# Fliphost + CloudShards Dallas Network Upgrades



## Awmusic12635 (Dec 28, 2013)

This is just a quick post to announce that we have just added PCCW to our Dallas network. We have already noticed major improvements in throughput to various locations. This marks the first of many upgrades planned for 2014, stay tuned!


----------



## Ruchirablog (Dec 29, 2013)

do you mean at incero?


----------



## concerto49 (Dec 29, 2013)

Ruchirablog said:


> do you mean at incero?


At Query Foundry, our own Infomart Dallas data center. Old services at Incero will be moved over in due time. Some services have already been migrated, e.g. our SSD clients.


----------



## SkylarM (Dec 29, 2013)

concerto49 said:


> At Query Foundry, our own Infomart Dallas data center. Old services at Incero will be moved over in due time. Some services have already been migrated, e.g. our SSD clients.

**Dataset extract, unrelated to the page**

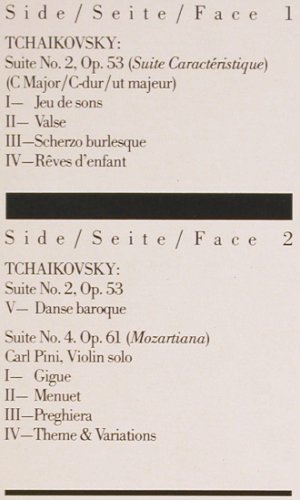 Tschaikowsky,Peter: Suite No.2 & 4, op.53. op.61, CBS Masterworks (36 702), NL, 1982 Typ: LP Best.-Nr.: K1480 Preis: 6,00 Euro.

Aren't you guys with Cologix?


----------



## Awmusic12635 (Dec 29, 2013)

SkylarM said:


> Aren't you guys with Cologix?


We are in a few locations


----------



## concerto49 (Dec 29, 2013)

SkylarM said:


> Aren't you guys with Cologix?


We're in a few locations in Infomart. Cologix is one of them. So is Viawest.


----------